All of this speed and power is contained in a front-engine, rear-drive four-door devoid of spoilers, flares, and carbon-fiber tidbits. It is styled to the right of center because BMW originally built the 5 Series to carry families, groceries, beagles, and the weekly dry cleaning.
Yet the M5 could climb no higher than the seventh spot in our voting because BMW was overly zealous in its use of technology, equipping the car with an abundance of tricks straight from Hogwarts School of Witchcraft and Wizardry. Complex electronics and nearly unfathomable controls should not be the price of innovation and the prize of progress. The essential truth is that any car, regardless of its performance envelope, should be capable of being controlled instinctively—and not just by MIT graduates who have taken a full complement of Bob Bondurant driving courses.

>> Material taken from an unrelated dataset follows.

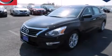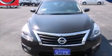This is a brand new 2014 Nissan Altima. It features a 2.5-liter four-cylinder engine and an automatic transmission.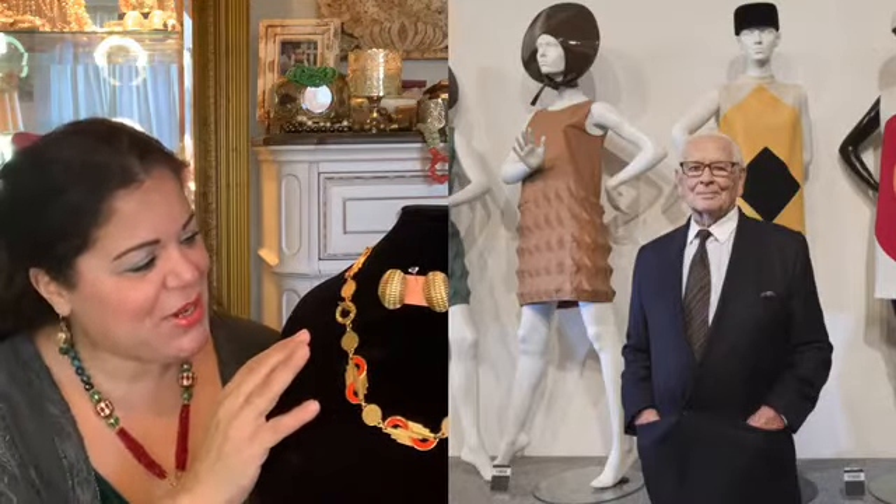The first one I want to show you is this amazing, incredibly gorgeous Pierre Cardin necklace. This is a very beautiful vintage Pierre Cardin necklace. It's made with really cool circular designs. Pierre Cardin was very known for his circular design — a lot of the things he did in his fashion and jewelry had that circular look to it.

“I’m surprisingly disappointed because it is complicated, and I mean complicated—how you start it, how you figure out shifting, how you figure out the radio,” said Todd Thomson. “I don’t think complicated is better. Automotive functions should be more intuitive.”
The M5 carries enough computer capacity for the next space shuttle mission. Its engine management system alone is monitored by 32-bit processors capable of handling 200 million equations per second. BMW also has equipped the car with SMG, EDC, VANOS, ECU, ABS, DSC, and LC (or launch control, for smoother, quicker takeoffs than mere humans can accomplish). And there still is the cumbersome iDrive, which activates most of the auxiliary systems and even may be capable of calculating the most comfortable distances between restroom stops—for each passenger. “That annoying iDrive can’t be shut off,” complained Herb Harris.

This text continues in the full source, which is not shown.